MBA vs. Master’s in Finance or Economics: An Overview

For many individuals looking to advance their careers in business, earning a master of business administration (MBA) degree may seem like an obvious way to get ahead. But if you work in the world of finance or economics, getting a specialized degree might be a better alternative.

Both MBA and non-MBA programs have specific pros and cons, so it is essential to evaluate your long-term goals before choosing which route to take. It comes down to figuring out the types of skills you are trying to obtain and what job you see yourself pursuing once your diploma is in hand.

Key Takeaways

  • MBAs are more expensive to obtain than a master's in finance or economics.
  • MBA programs are broader, while master's programs in economics and finance are deeper.
  • A master's in finance or economics typically requires a stronger background in mathematics.
  • Median salaries may be higher for MBAs, depending on the job.

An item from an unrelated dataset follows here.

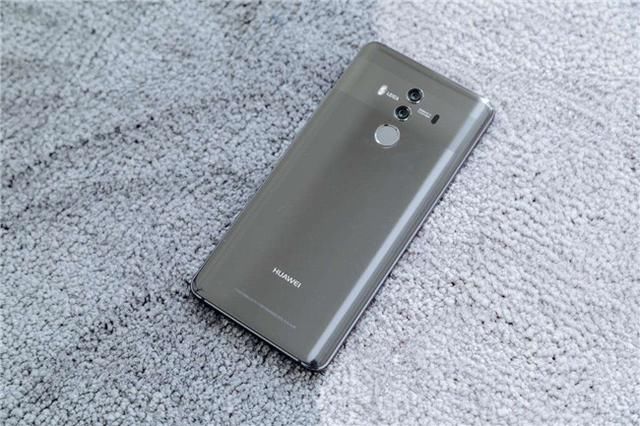 华为mate10 pro一夜降至"白菜价",网友:都是华为p20惹的祸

Professionals often obtain a master of business administration degree after spending a few years in the workforce. In fact, some MBA programs require that applicants have practical work experience before admission.

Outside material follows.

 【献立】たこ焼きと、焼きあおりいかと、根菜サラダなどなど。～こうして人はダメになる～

An MBA will cover finance and economics, but it will remain more general and include other business subjects. Nearly all advanced degrees in business are going to require solid math skills. However, MBA classes require much less abstract mathematical theory than graduate classes in economics and finance. Working knowledge of algebra is often sufficient for success in an MBA program.

Many employers prefer job candidates whose education encompasses the bigger picture, and an MBA certainly fits that bill. There's a benefit in learning something about a broad range of disciplines, from marketing to accounting and information systems. In a typical MBA program, students get exposure to all of these areas. In the process, they gain an understanding of how different parts of an organization relate to one another.

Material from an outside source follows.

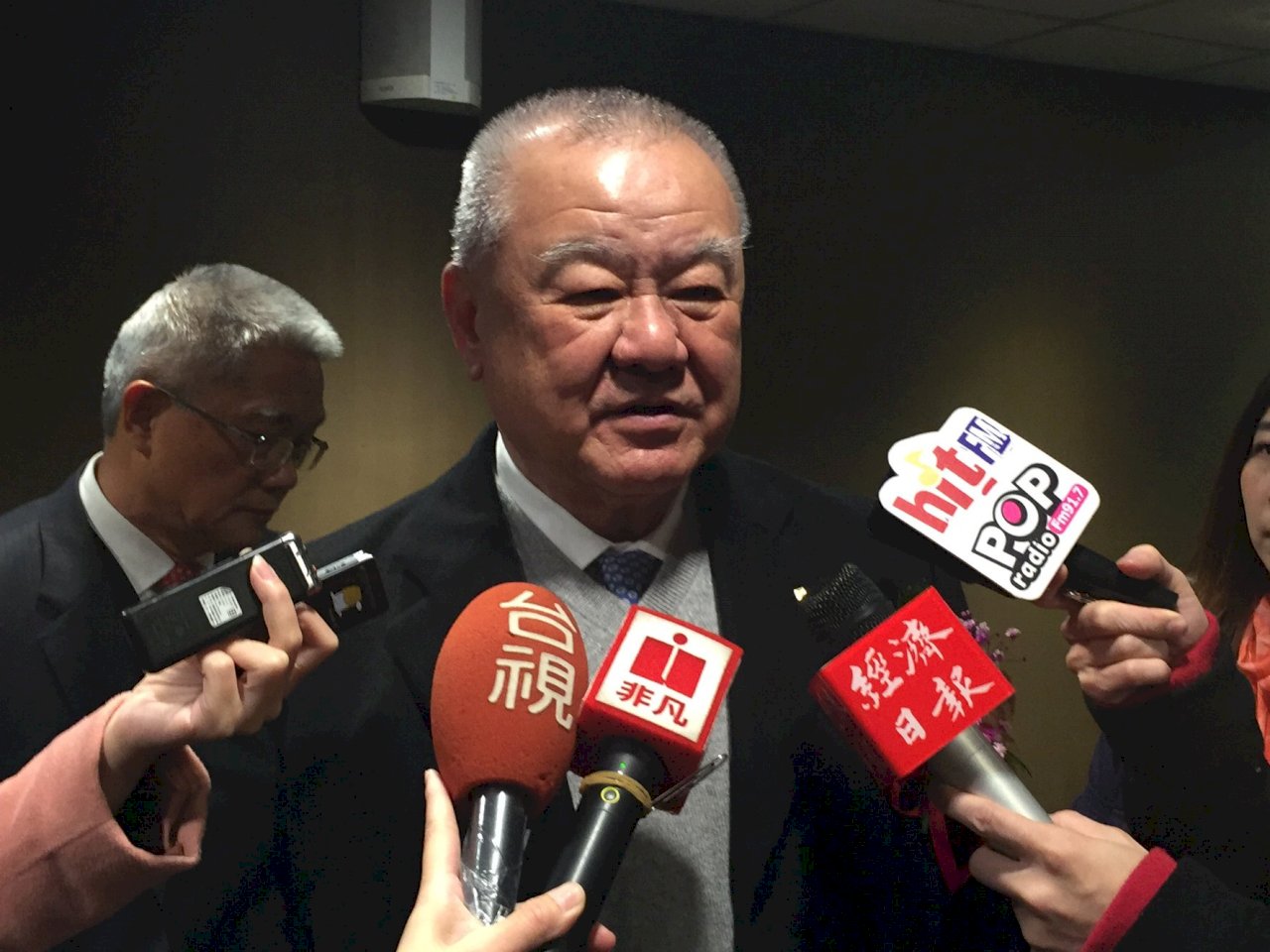 央行新總裁上任  工商界關注雙率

Earning an MBA can be expensive. If you want to attend a top-tier school like Wharton or Harvard, plan on spending over $150,000. Smaller private schools and even state universities are generally less expensive. However, it is still easily possible to spend anywhere from $75,000 to $100,000.

The good news? A 2018 survey by the Graduate Management Admission Council found that MBA recipients tend to take home more than those who follow a narrower track. MBA grads earned a median starting salary of $105,000 in that report, compared to $85,000 for those with a graduate degree in finance. MBA graduates may end up working in the technology sector or for financial firms. They may also find positions in sales and marketing for product and service companies or at consulting firms.

Master's in Finance or Economics

Pursuing a master's degree in finance means taking a deep dive into topics such as investment analysis, corporate finance, forecasting, and risk analysis. In an economics master's program, students can expect to take on microeconomics, macroeconomics, and econometrics. These more focused programs tend to attract students who are particularly strong in quantitative analysis and critical thinking.

Specialized programs do have some significant advantages compared to MBAs. For starters, graduates develop specific skill sets. That can make them more attractive to employers looking for experts in a particular field or subject.

The cost of obtaining an advanced degree in economics or finance varies depending on the educational institution. However, it is generally much lower than the price of an MBA. The National Center for Education Statistics estimates "that graduate degrees cost anywhere from $10,000 to 25,000 and up per year. Public institutions typically cost less than private schools."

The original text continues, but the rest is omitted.